Although there is now an effective, if fragile, consensus in the Arab world on the need to make peace with Israel, the Israelis themselves are deeply divided: those who favor territorial compromise versus those who want to crush the Palestinian uprising in the occupied territories in order to retain “Judea and Samaria,” lands seized from Jordan in the 1967 War as part of “Greater Israel.”

Unable to bridge this division, especially in the climate of mutual fear and hatred generated by daily violence, Israeli Prime Minister Yitzhak Shamir tried to step around it with a plan for elections in the occupied territories, to choose local Palestinian leaders who would negotiate the terms of an interim period of self-rule. Only if that went well could talks begin, three years later, for a final settlement.

In Tunis, the American official in charge of dialogues with the PLO, Ambassador Robert H. Pelletreau Jr., has been laboring with Sisyphean persistence for several months to persuade the Palestinians to accept this plan.

Until two weeks ago, things looked promising.

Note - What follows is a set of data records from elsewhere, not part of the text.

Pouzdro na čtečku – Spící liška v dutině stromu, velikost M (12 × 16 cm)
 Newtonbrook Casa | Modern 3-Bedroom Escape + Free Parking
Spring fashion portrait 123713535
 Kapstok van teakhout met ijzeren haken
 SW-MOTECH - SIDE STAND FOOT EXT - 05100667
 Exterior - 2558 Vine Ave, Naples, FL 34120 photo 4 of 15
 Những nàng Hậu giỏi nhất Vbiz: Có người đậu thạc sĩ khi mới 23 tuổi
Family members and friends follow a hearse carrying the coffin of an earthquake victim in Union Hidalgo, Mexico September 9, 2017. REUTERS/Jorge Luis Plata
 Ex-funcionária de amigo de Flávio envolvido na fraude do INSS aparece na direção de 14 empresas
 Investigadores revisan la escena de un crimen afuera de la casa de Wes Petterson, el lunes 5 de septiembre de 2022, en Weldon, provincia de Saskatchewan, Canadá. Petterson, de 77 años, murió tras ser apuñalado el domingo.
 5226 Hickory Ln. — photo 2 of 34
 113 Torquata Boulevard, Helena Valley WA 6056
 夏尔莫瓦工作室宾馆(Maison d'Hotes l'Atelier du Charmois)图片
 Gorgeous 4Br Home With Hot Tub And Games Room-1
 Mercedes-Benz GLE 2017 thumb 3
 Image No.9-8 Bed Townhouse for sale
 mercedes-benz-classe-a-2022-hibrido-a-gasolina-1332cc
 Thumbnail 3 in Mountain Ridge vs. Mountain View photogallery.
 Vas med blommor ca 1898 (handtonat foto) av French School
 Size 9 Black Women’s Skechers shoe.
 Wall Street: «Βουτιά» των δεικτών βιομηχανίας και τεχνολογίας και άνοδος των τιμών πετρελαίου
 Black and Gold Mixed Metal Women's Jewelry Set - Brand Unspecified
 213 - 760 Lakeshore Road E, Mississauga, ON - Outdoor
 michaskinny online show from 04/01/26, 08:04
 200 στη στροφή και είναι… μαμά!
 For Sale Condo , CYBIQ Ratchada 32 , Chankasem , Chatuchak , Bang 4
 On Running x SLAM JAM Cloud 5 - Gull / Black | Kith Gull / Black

Despite Shamir’s assertion that Israel was not negotiating with the PLO, indirect but high-level contacts were taking place between the PLO and officials from both the Labor and Likud halves of the divided Israeli government, according to senior officials in Tunis.

Abu Iyad, the PLO’s second-in-command, said the Americans had relayed “assurances from Shamir personally” that Palestinian inhabitants of Israeli-annexed East Jerusalem could participate in the elections and that ending the intifada --uprising--would not be a precondition for holding them.

Hurdles still remained, among them Palestinian insistence on establishing a “linkage” between acceptance of the election plan and subsequent negotiations to determine the “final status” of the occupied territories--preferably at an international peace conference, where the PLO would be represented.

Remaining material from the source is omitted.